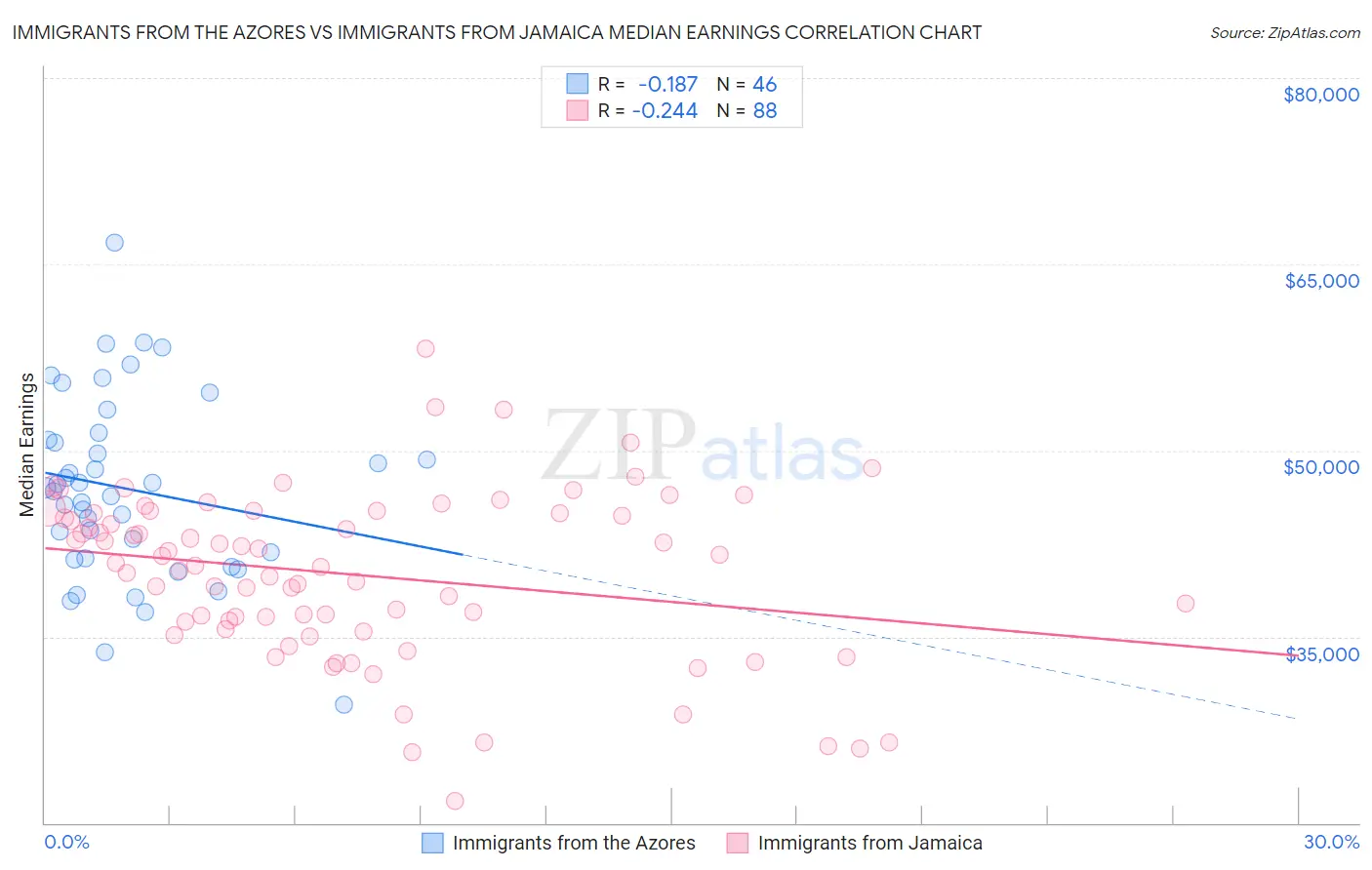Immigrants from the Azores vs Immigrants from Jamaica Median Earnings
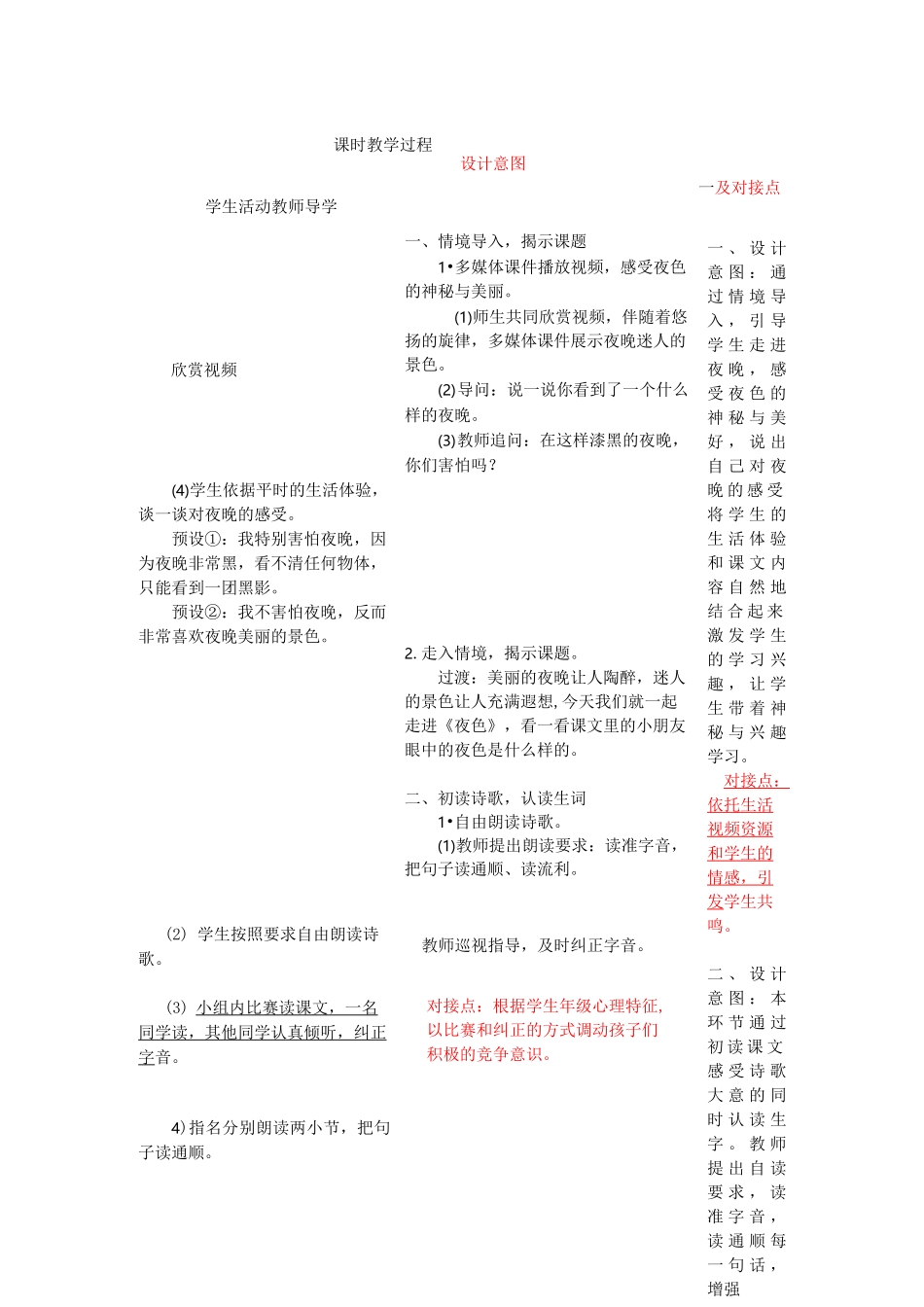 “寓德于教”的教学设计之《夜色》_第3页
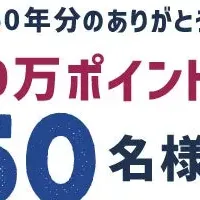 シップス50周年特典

+-------+

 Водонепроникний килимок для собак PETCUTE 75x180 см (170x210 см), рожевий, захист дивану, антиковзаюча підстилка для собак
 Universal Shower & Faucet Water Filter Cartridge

+-------+

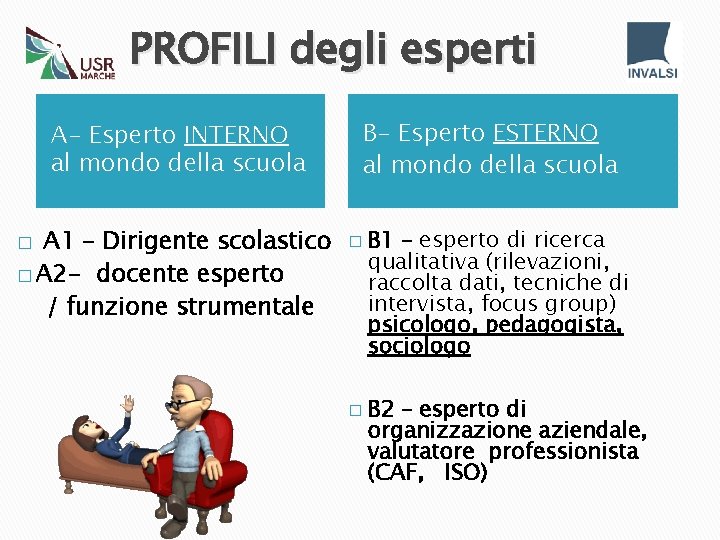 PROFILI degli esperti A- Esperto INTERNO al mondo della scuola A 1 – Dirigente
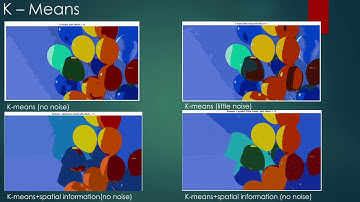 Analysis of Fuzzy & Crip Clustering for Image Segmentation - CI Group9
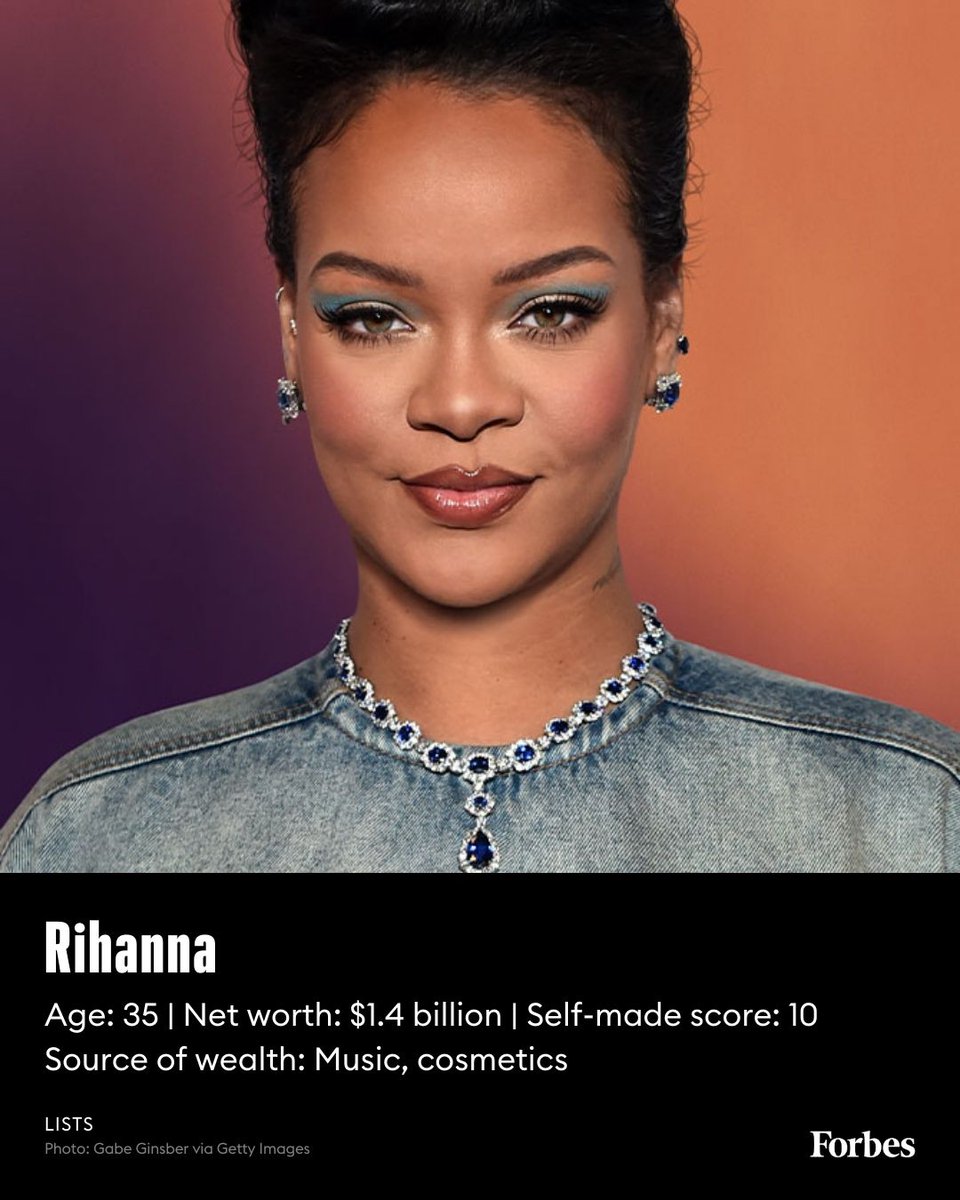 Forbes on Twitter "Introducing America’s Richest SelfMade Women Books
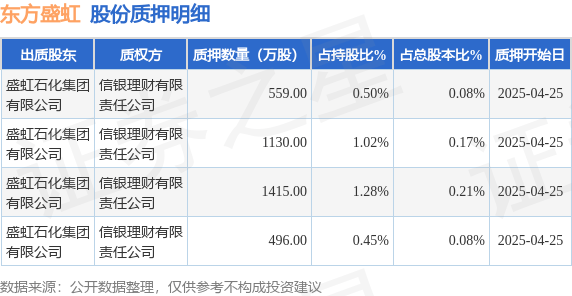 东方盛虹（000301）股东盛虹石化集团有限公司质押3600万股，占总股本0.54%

+-------+

What you need to do: Only one part of the material above is to be transcribed, namely the lines starting with the line that has "Водонепроникний килимок для" and going on through the line that has "Universal Shower &", exactly as they stand.

Response area:
 Водонепроникний килимок для собак PETCUTE 75x180 см (170x210 см), рожевий, захист дивану, антиковзаюча підстилка для собак
 Universal Shower & Faucet Water Filter Cartridge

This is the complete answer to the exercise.